Raw data:
::::::::::

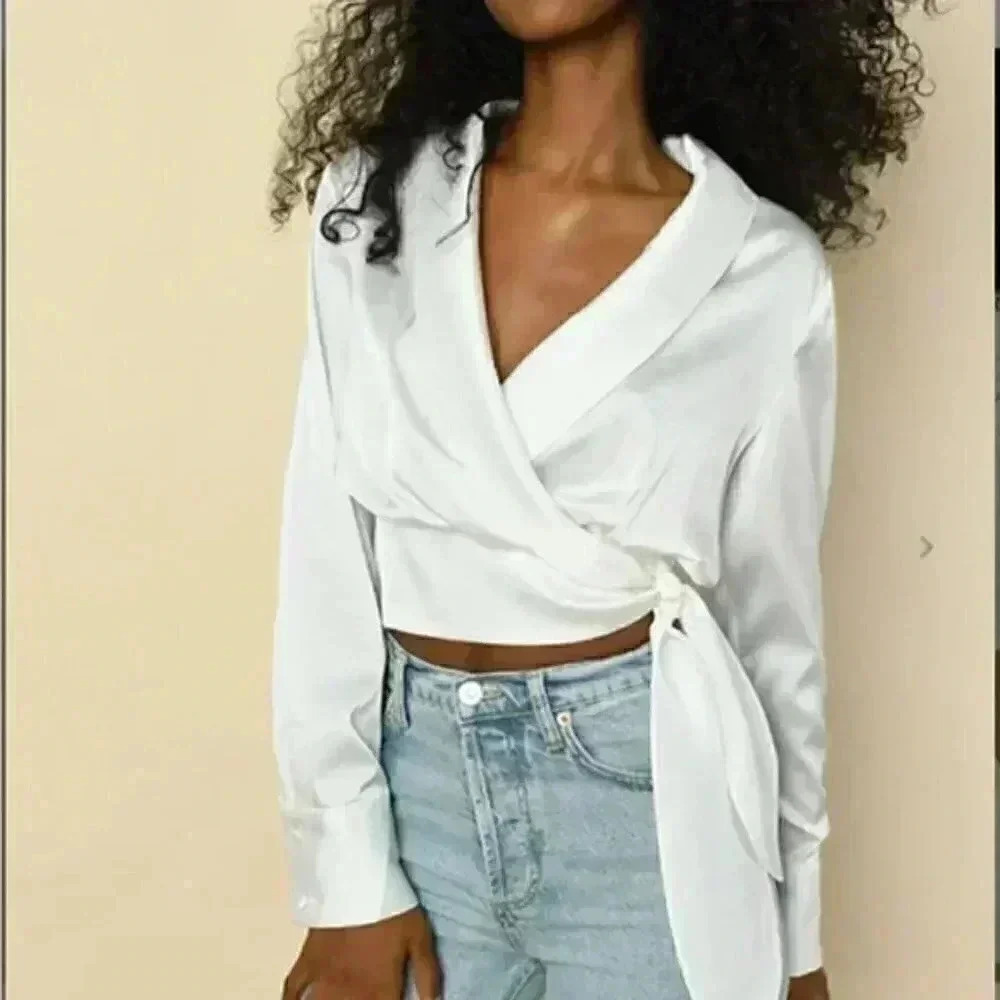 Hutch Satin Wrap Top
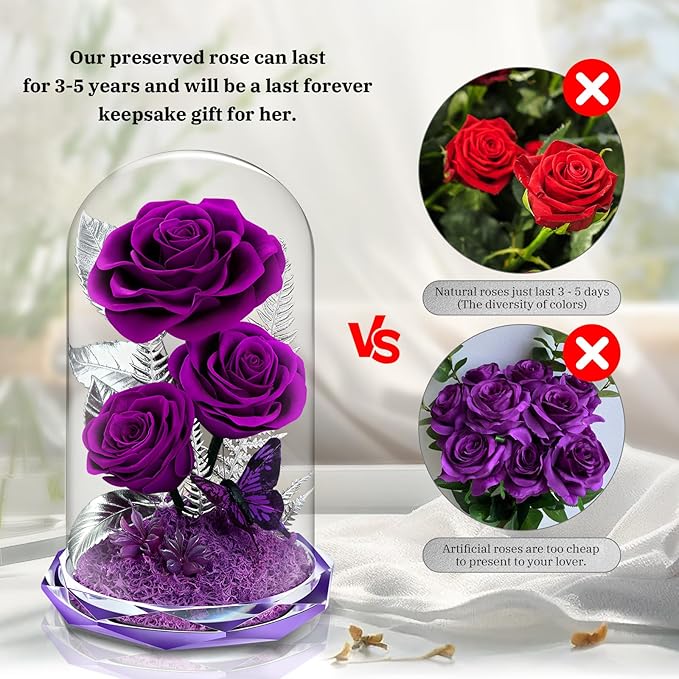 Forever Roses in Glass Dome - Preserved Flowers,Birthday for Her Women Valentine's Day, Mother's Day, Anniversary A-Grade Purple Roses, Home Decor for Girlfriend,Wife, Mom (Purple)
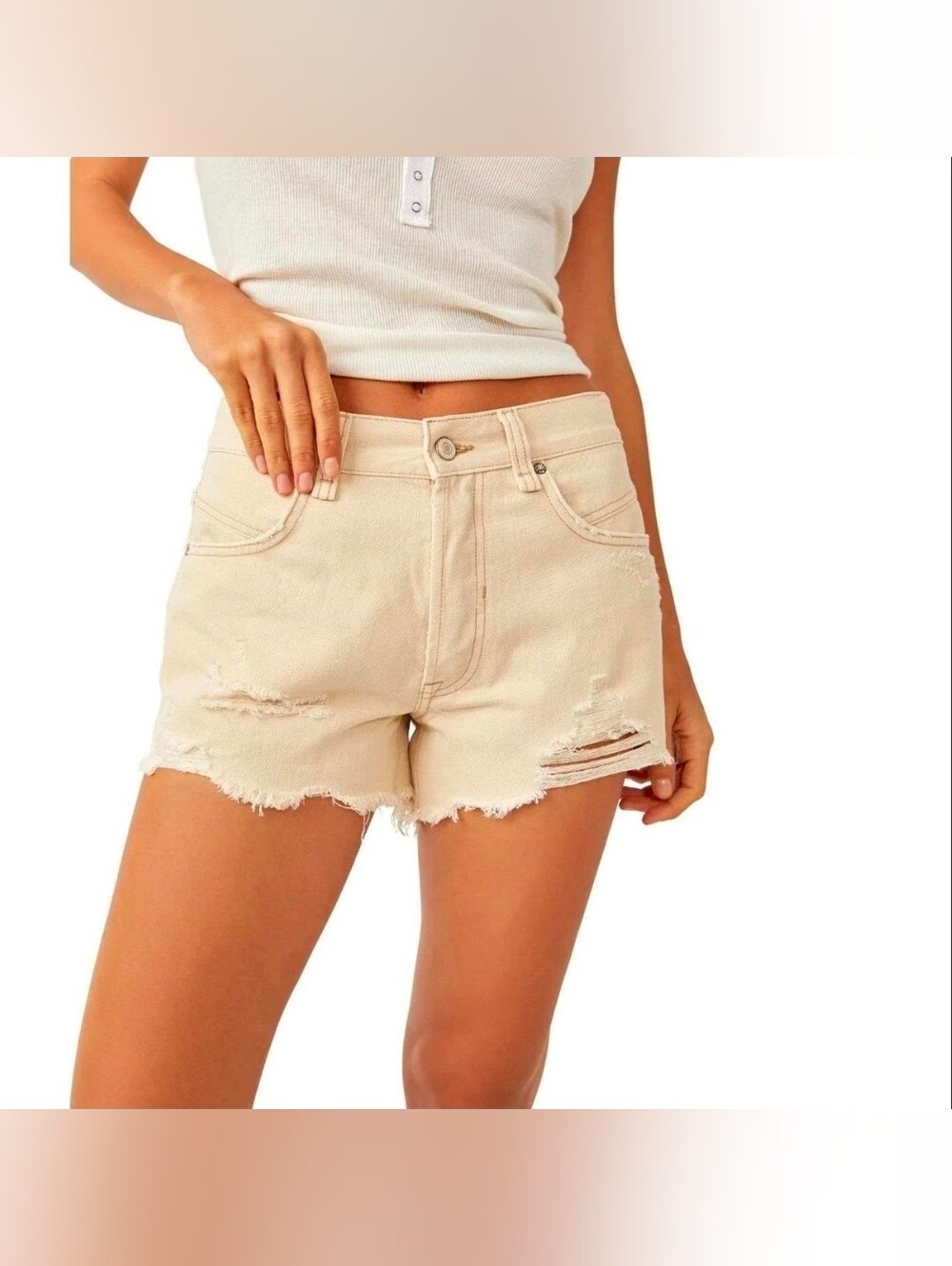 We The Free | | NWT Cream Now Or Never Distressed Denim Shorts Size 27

::::::::::

Aim of the exercise: Give back the full data exactly as it reads, but drop the pictures.

Output of the exercise:
 Hutch Satin Wrap Top
 Forever Roses in Glass Dome - Preserved Flowers,Birthday for Her Women Valentine's Day, Mother's Day, Anniversary A-Grade Purple Roses, Home Decor for Girlfriend,Wife, Mom (Purple)
 We The Free | | NWT Cream Now Or Never Distressed Denim Shorts Size 27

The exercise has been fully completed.